(Recorded data)

**********

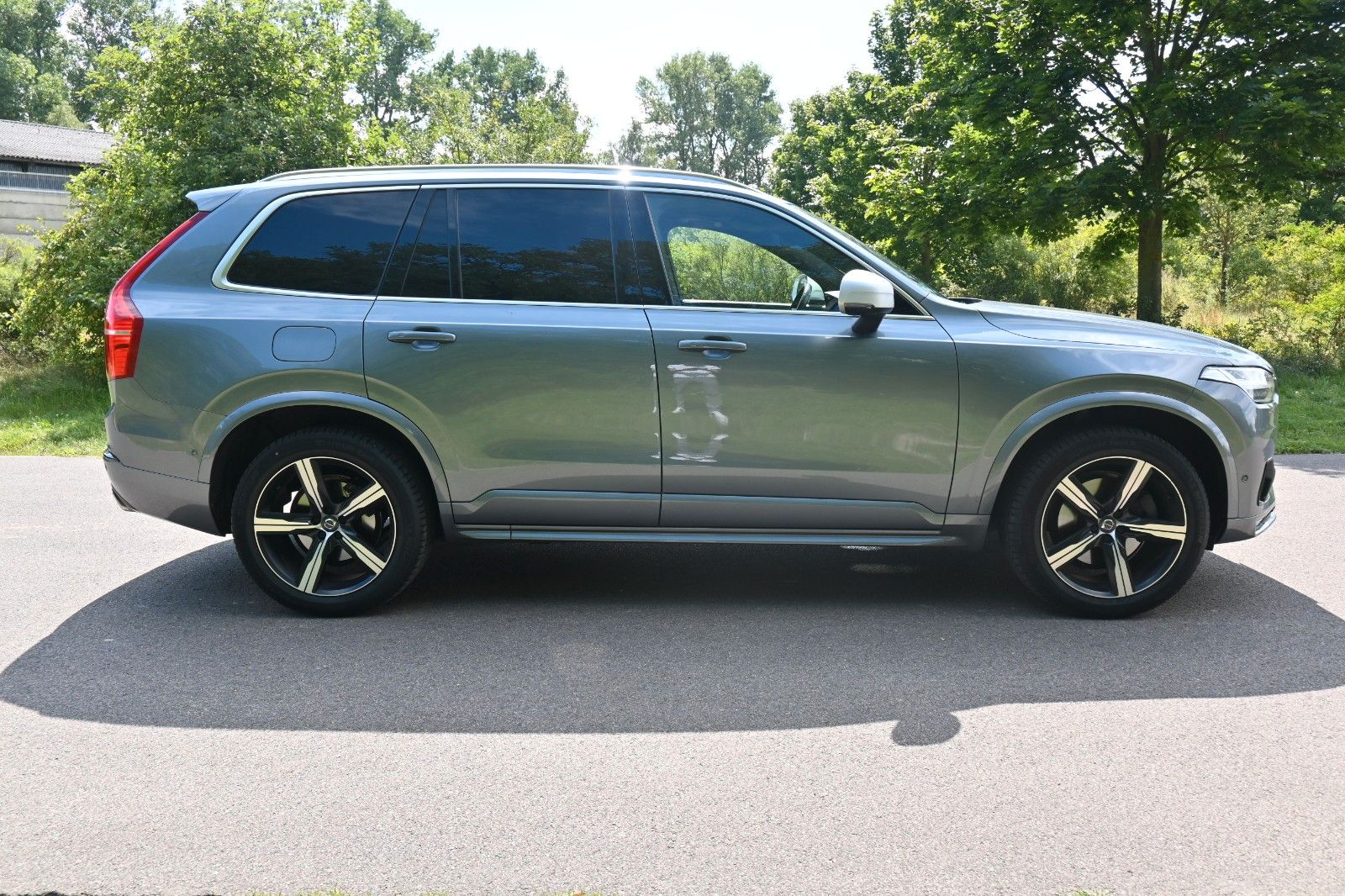 Fahrzeugabbildung Volvo XC90 D5 AWD*R-Design*STHZ*360°*LUFT*AHK*MIETKAUF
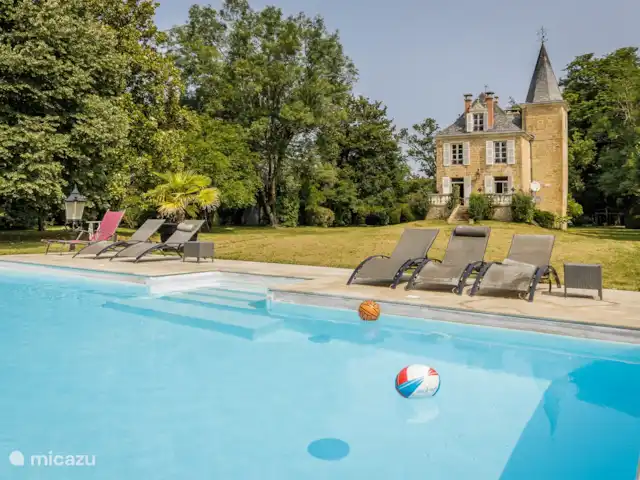 Château de Sarrazac | France, Dordogne, Sarrazac - manoir / château La piscine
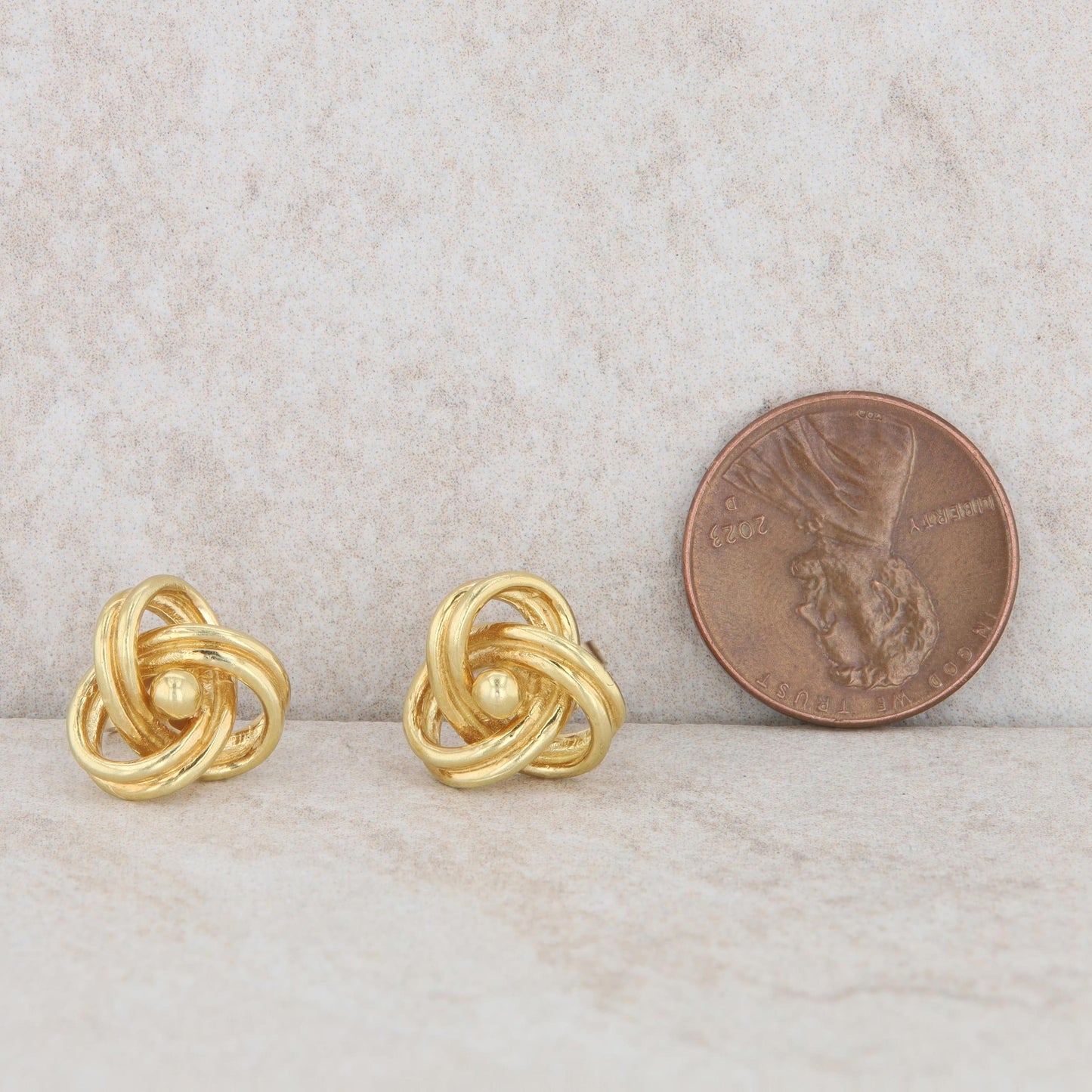 14k Yellow Gold Love Knot Stud Earrings 5.0g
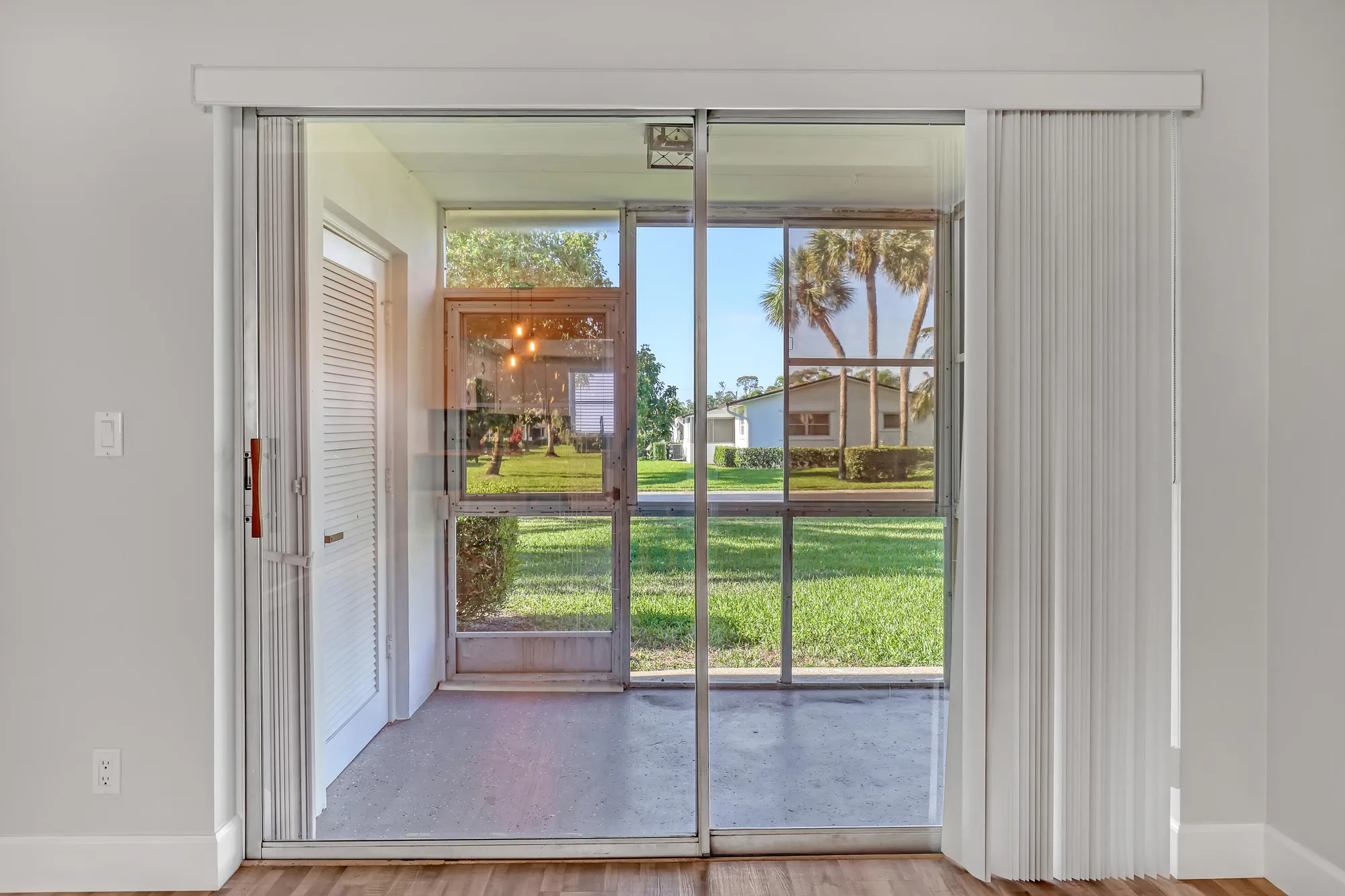 Property Slideshow image 15 of 48 | 2894 crosley dr g, West Palm Beach, FL, 33415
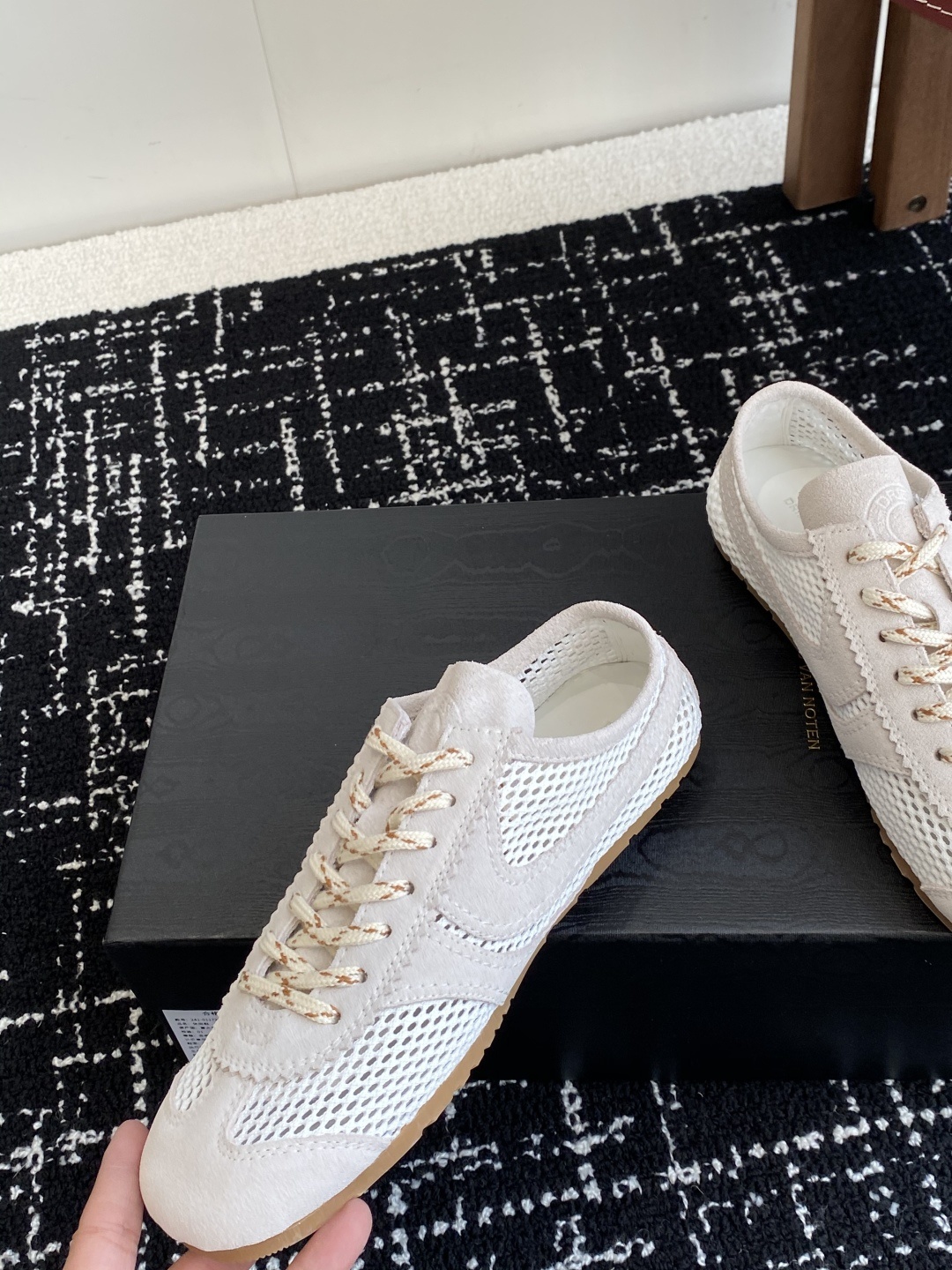 代购级(情侣款)
Dries Van Noten·DVN 25 ss 春夏 复古德训鞋
dvn的德训鞋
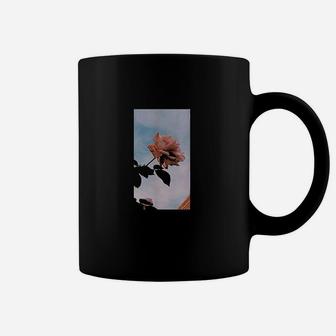 Aesthetic Flowers Aesthetic Retro Stylish Flower Aesthetic Coffee Mug - Thegiftio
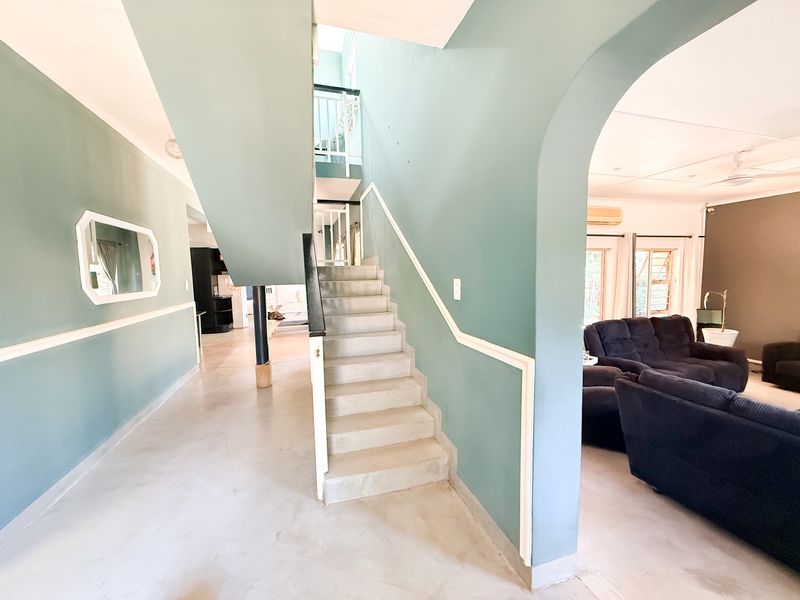 4 Bedroom Facebrick Home with Flat in Mtunzini - Photo 6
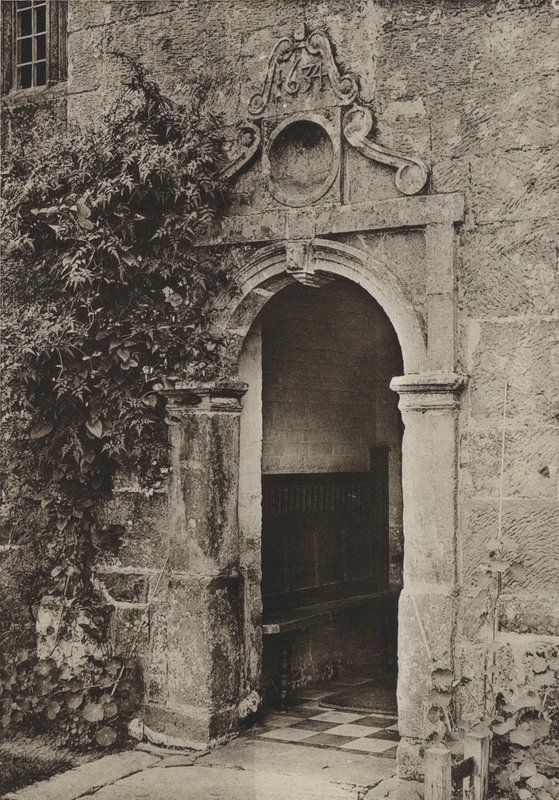 Tür, "Batemans," Burwash, Sussex von William Galsworthy Davie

**********

Output all entries unchanged; skip the pictures.

▶ **Solution**
 Fahrzeugabbildung Volvo XC90 D5 AWD*R-Design*STHZ*360°*LUFT*AHK*MIETKAUF
 Château de Sarrazac | France, Dordogne, Sarrazac - manoir / château La piscine
 14k Yellow Gold Love Knot Stud Earrings 5.0g
 Property Slideshow image 15 of 48 | 2894 crosley dr g, West Palm Beach, FL, 33415
 代购级(情侣款)
Dries Van Noten·DVN 25 ss 春夏 复古德训鞋
dvn的德训鞋
 Aesthetic Flowers Aesthetic Retro Stylish Flower Aesthetic Coffee Mug - Thegiftio
 4 Bedroom Facebrick Home with Flat in Mtunzini - Photo 6
 Tür, "Batemans," Burwash, Sussex von William Galsworthy Davie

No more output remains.